Let’s talk about Rechargeable Debit Cards and Banking Fees
I bought a new car a few years ago and it of course came with a free trial to SiriusXM (th-eriously-therious-xm). Now as you undoubtedly know three of a zillion problems with th-eriously-therious-xm is that its outrageously expensive outside of a “trial”, it’s impossible to cancel, and they rival the car warranty people for being annoying A.F.
Sooo I began doing what any American would do… Purchasing onetime use visa gift cards to take advantage of the random cheap trials/extensions and when the gift card ran out, walking off and not answering my google number when they tried to crank the monthly fee to $2X.xx dollars a month.
Being a proper monopolistic profiteering enterprise they forbid the use of non therious gift cards to pay for the membership. You maybe thinking to yourself, so buy a Sirius gift card and move on. You still need a valid CC number unfortunately.

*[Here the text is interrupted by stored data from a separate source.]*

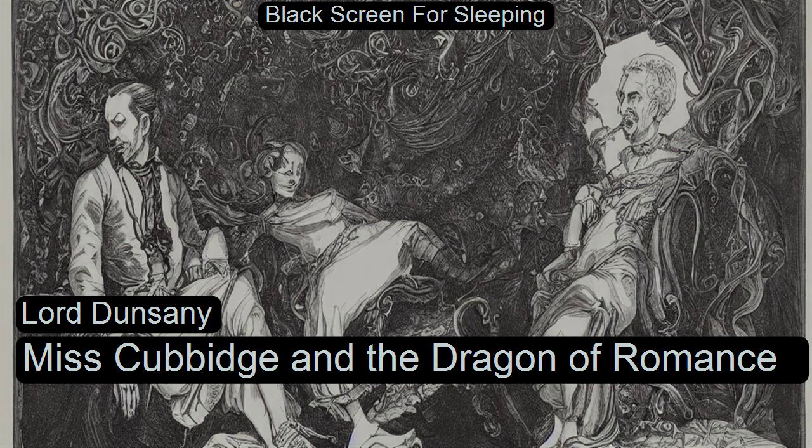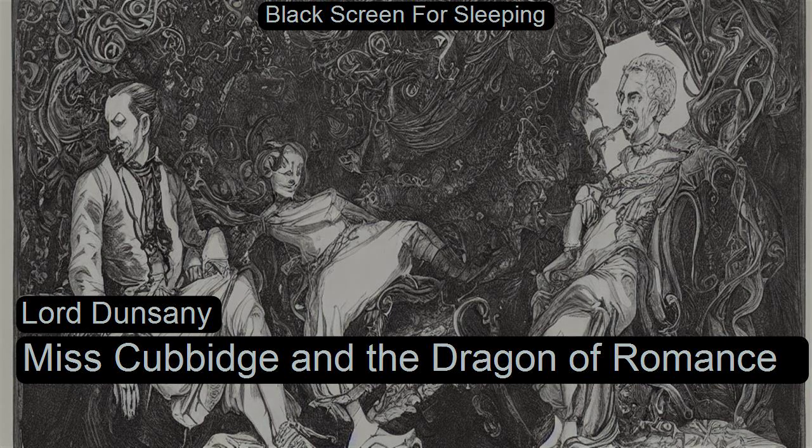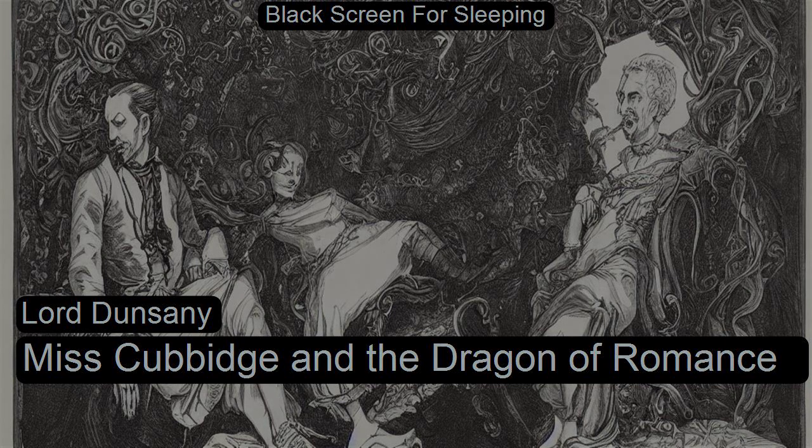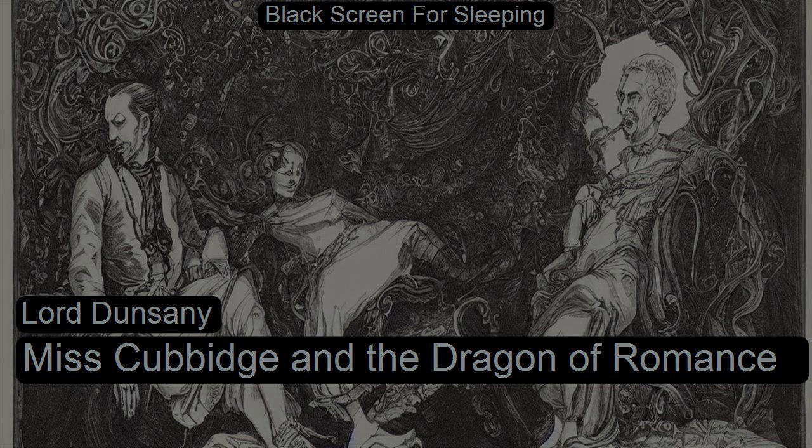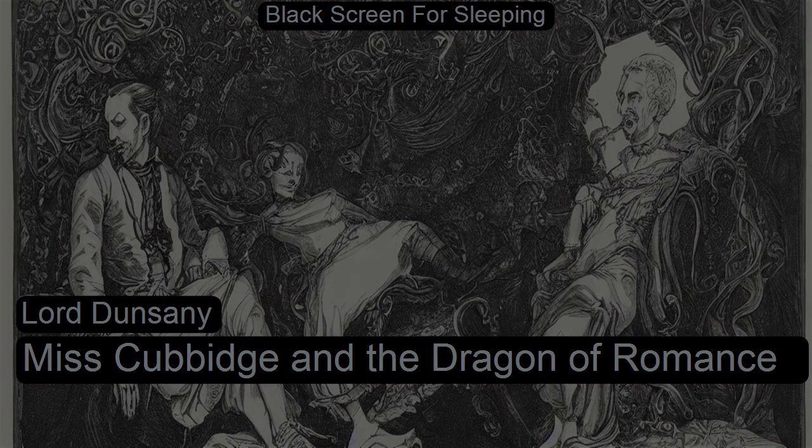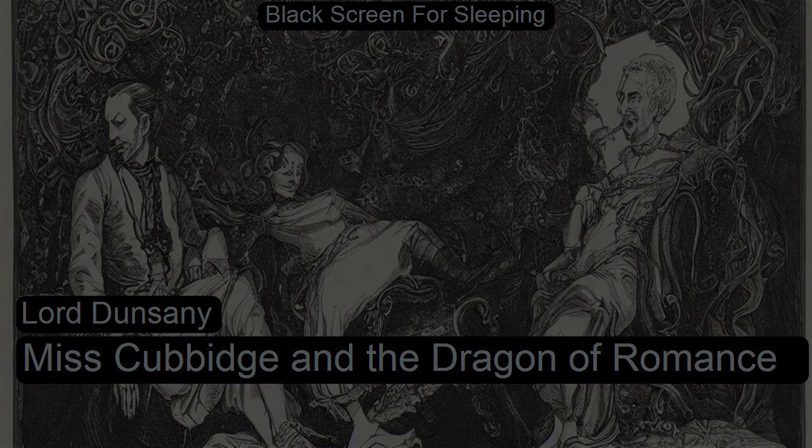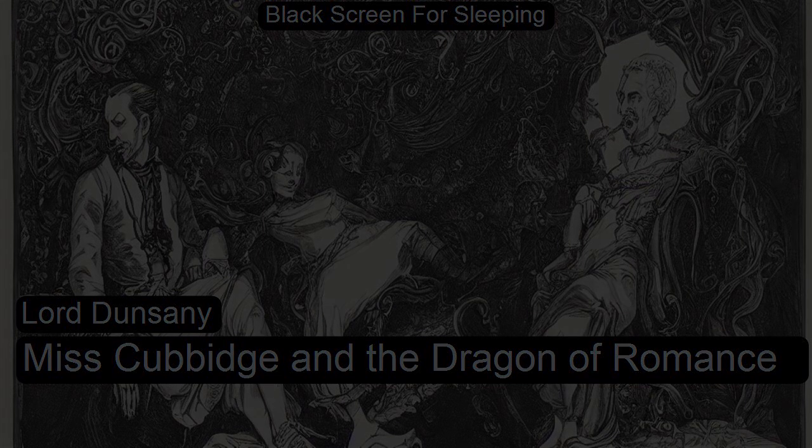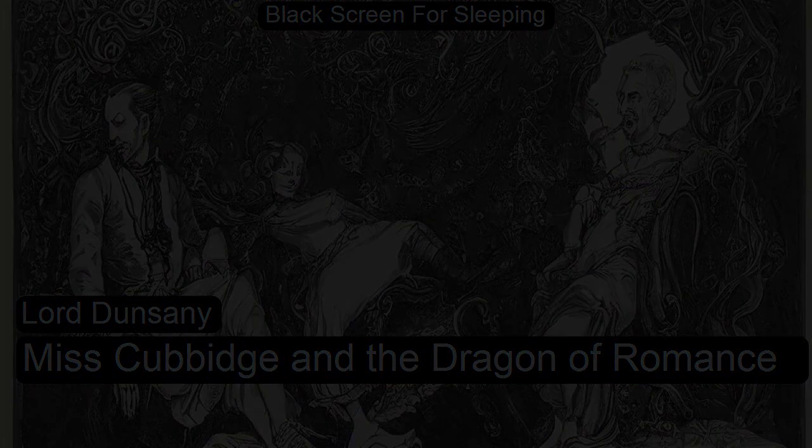Miss Cubbage and the Dragon of Romance by Lord Dunsany. Recorded for Dreams, Collection 1, Stories and Poems by Michelle Fry, Baton Rouge, Louisiana, in January 2020.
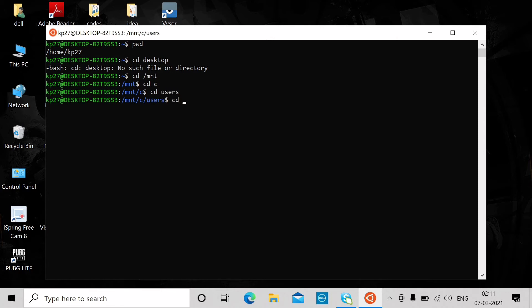After that, enter your system name — it may be your name as you set it when you purchased the system, or you can change it. I didn't change mine, so it's shown as 'del'. Now I'm inside that directory.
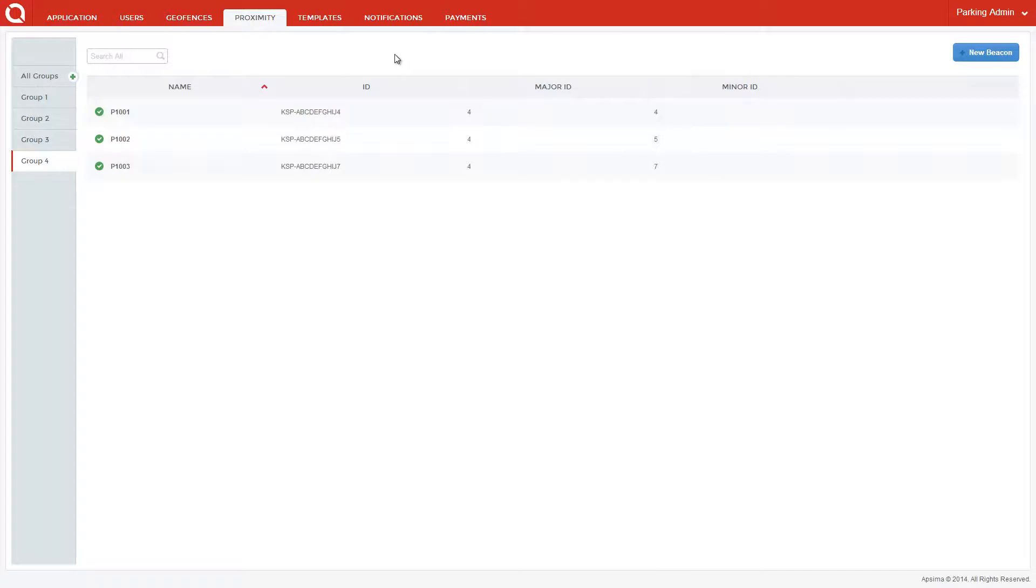The parking application also allows parking administrators to send rich push notification offers to users both parking and walking by metered spaces, using APSIMA's proximity-aware features. These notifications can be created and sent utilizing the Notifications tab in the APSIMA portal.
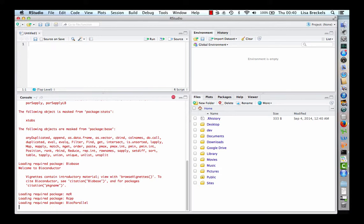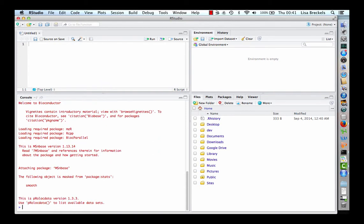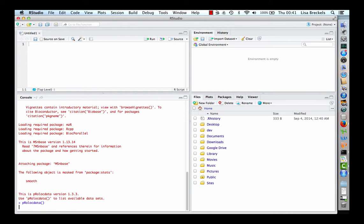As previously mentioned, ProLock data contains a number of datasets from a range of different quantitative proteomics experiments. To list the available datasets, type ProLock data followed by an opening and closing bracket.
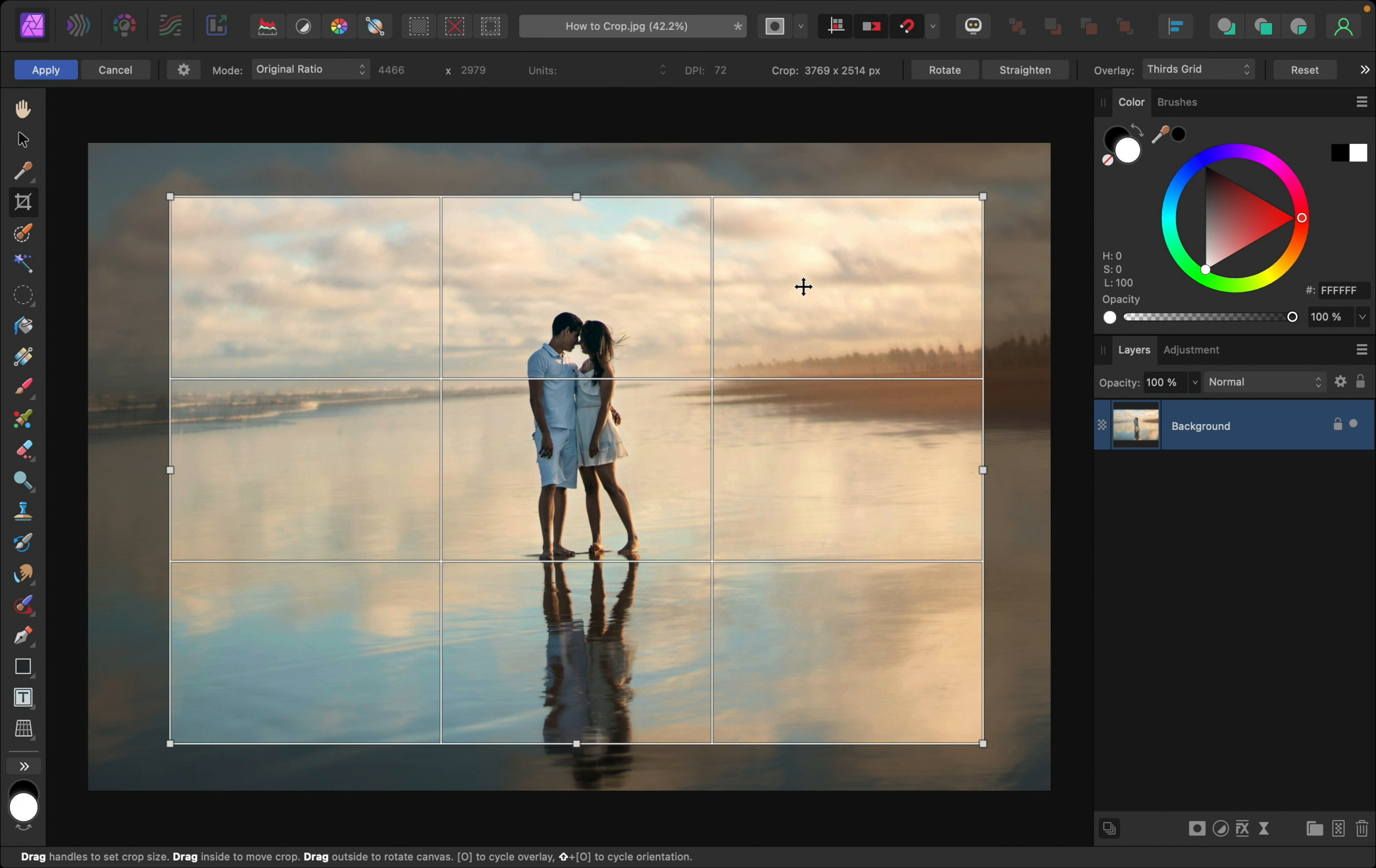Now, sometimes you'll want to crop an image so that it fits a specific size, like a picture frame, and it's actually really easy to set that up. Just go up here to where it says mode and change it to custom ratio.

This (finally) brings us to the purpose of this article: to complain about another proper profiteering enterprise, banks! For my latest scheme I decided to purchase a rechargeable debit card.
That will show those therious thugs! I will still get the trial and have the ability to walk off without them being able to magically get the bank to re-route the charges to a replacement card number. Because you know, service disruptions. I purchased one of these rechargeable debit cards get home, try to active it and am immediately met with this bank’s own range of highly probing questions to activate the card. They of course decided my google number wasn’t a valid phone number too but I was able to activate the card without it just in reduced usage mode.
I head back over to the therious website for the 50th time, amazingly getting everything settled and to a confirm screen. Sweet!
It is at this time that I decided to login to the card’s status page to make sure they only took five bucks. To my unsurprised dismay there was $13 missing. I am like ok that’s interesting. Not the full therious amount but way more than five bucks.
It turns out this freaking “bank” charges an EIGHT dollar monthly “service” fee.
So now I am like “F” these capitalist dogs got me all while the Mrs. is laughing at me. I take out the card packaging to see it say NO MONTHLY SERVICE FEE with qualifying initial load of $200 in tiny print.
Alas, it’s a dog eat dog world out there. I’ll get em next time. My pain is your gain though. Make sure to check for the fee and if there is a way to wave it. By the way, you can’t purchase one of these cards with a credit card. I thankfully had enough cash with me to be able to purchase the card.